Problem to solve ->
Drop every picture and give the entries back exactly.

(Image-backed grounding data)

---

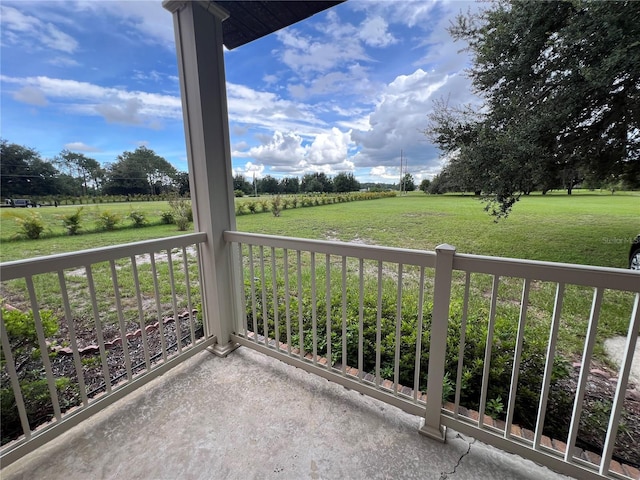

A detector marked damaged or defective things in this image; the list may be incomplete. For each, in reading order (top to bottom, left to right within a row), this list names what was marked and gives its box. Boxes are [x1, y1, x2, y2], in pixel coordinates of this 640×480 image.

cracked concrete [0, 348, 568, 480]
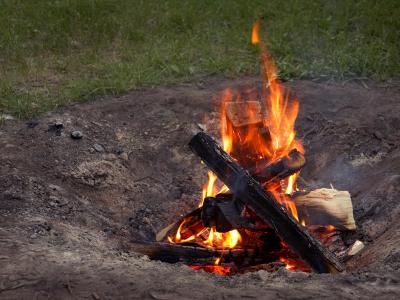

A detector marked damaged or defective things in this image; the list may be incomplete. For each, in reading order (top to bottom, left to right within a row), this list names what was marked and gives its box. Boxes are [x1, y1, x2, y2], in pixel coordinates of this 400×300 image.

burnt wood piece [130, 241, 260, 264]
burnt wood piece [189, 132, 346, 274]
charred stick [189, 132, 346, 274]
burnt wood piece [253, 148, 306, 182]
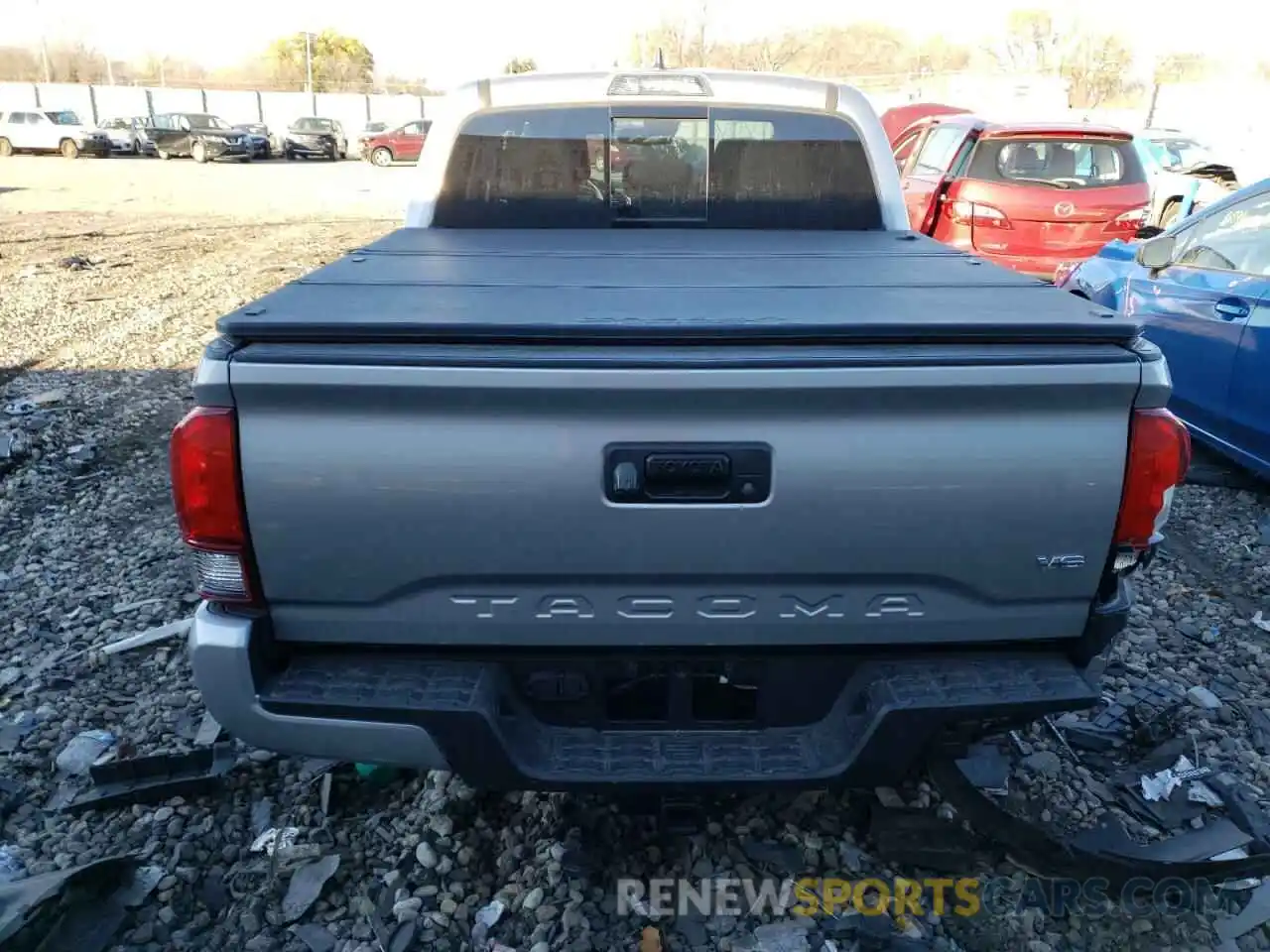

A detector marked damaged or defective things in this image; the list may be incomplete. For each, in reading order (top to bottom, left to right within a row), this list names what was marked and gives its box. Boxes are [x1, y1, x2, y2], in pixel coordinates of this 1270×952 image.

---

Answer below ->
A detector marked damaged or defective things in this image; the list may be incomplete. For each, in reading order (top to bottom, left to right within a row), this list names what was marked and gives its box. Boxes are [x1, y1, x2, y2], in pixel coordinates of this 640×480 image.

cracked concrete [0, 348, 568, 480]

A detector marked damaged or defective things in this image; the list may be incomplete. For each, in reading order (top to bottom, left to right within a row), this list names what was marked and gives its box. Boxes are [x1, y1, x2, y2], in pixel coordinates of this 400×300 image.

burnt wood piece [130, 241, 260, 264]
burnt wood piece [189, 132, 346, 274]
charred stick [189, 132, 346, 274]
burnt wood piece [253, 148, 306, 182]

A detector marked damaged or defective things in this image; the list may be incomplete. For each, in reading order (top to bottom, left to right within a row), this list names what was marked and gives its box. Boxes are [x1, y1, x2, y2], in pixel coordinates of this 1270×952 image.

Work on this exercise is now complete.